Self Build air tightness test -0.22ach with a volume of 603 m3 @ 50 pascals.
When one is building to a performance standard the day of reckoning is the airtight test. The reason for this is that when one is pumping fresh air into the house using a Heat Recovery System, rather than relying on simple multiple holes in the wall, it becomes important to control where the fresh air is coming from and where the heat is going.
If air is leaking in or out around windows /doors/walls or other gaps in the building fabric then heat is lost and moisture problems in the form of mould can arise or else give rise to damage to the building fabric.
The pressure 50 pascals equates to a 20 mile per hour wind which is not too untypical in Ireland. So if one opts for the Irish building standard (a minimum standard) this equates to the air in the house changing/leaking 7 times a hour when a wind blows at 20 miles per hour. No wonder people block up the hole in the wall vents .
The current Irish building standard require 7 air changes per hour (ach) also called leakage at 50 pascals typically with no heat recovery system. As a guidance heat recovery manufactures recommend 3 Air leakages per hour to ensure that the heat recovery system can push fresh air into the house and recover heat leaving the house through its own system rather than through gaps in the building fabric.
The passive house standard for a new house requires 0.6 Air changes per hour (ach) at 50 pascals to ensure the heat recovery system works efficiently, ensure that occupants receive the correct amount of fresh air and minimise building fabric damage.
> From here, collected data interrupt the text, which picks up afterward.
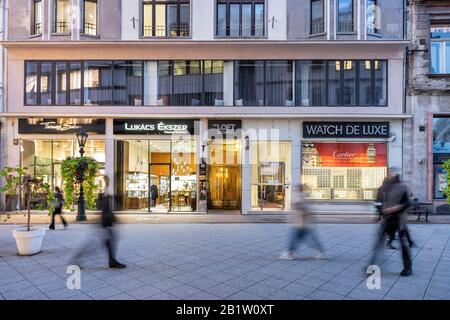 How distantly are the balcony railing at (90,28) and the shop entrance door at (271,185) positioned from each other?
39.0ft

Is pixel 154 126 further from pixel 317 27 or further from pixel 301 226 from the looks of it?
pixel 301 226

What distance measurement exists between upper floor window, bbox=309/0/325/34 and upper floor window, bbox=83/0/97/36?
12.0 metres

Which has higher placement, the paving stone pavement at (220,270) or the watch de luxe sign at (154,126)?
the watch de luxe sign at (154,126)

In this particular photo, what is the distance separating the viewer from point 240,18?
15562 millimetres

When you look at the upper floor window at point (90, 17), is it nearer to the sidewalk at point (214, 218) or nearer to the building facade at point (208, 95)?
the building facade at point (208, 95)

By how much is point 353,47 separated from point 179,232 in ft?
42.8

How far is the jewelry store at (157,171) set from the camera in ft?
51.1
The passive house test differs from the Irish test because it must include pressurisation and depressurisation and use the volume as set out per Vn50 (EN13829).
Gavin O Shea from Greenbuild was hired for the job. He is certified/audited by the National Standards Authority of Ireland (NSAI).
The preparation for this entailed sealing all cable ducts and the inlet and outlet pipes for the Heat Recovery System. One also ensures that the shower and sink outlet traps are full of water. The overflow outlet for two water tanks were not sealed off. I did consider a duck valve but it was not in place at the time of the test.
The test using the Irish method gave a result of 0.181 m3
Gavin O Shea calculated that the equivalent size hole that equates to a result of 0.22 ach is approximately 65.25 cm2 (@50Pa) or a hole 81mm x 81mm if all of the leaks present in the dwelling were concentrated into one hole. That is about a tenth of an A4 sheet of paper.
The results of the air tight test can also help determine the selection of the Heat Recovery System. If the airtight test is lower then more options are available when selecting a unit.
From my research a passive house standard Heat Recovery Unit will cost more because it needs to be independently tested by the Passive House Institute using their test method. Heat Recovery manufactures have also the burden of putting the unit through national tests or international tests with the end result being the customer pays more. One has also the option to select a non passive house certified unit for a passive house but when calculating the performance value one needs to account for this in the PHPP software with a 12% reduction below the manufacturers performance claim.
If one wants to view certified Heat Recovery Units one can find and sort them at the following link. One can see for example at this link the capacity (Column- Air Flow Range) that these units have as it is important to select a unit that is oversized for your particular self build. I would compare it to selecting a mini car to tow a caravan up a hill compared to using a larger car. The small car will struggle from an efficiency and noise point of view while the larger car will be quieter and more efficient at the require flow rates. I will do a separate post on how I selected our Heat Recovery Unit.
I came across information over the years that may help the self builder when it comes to retrofits (doing up an existing dwelling).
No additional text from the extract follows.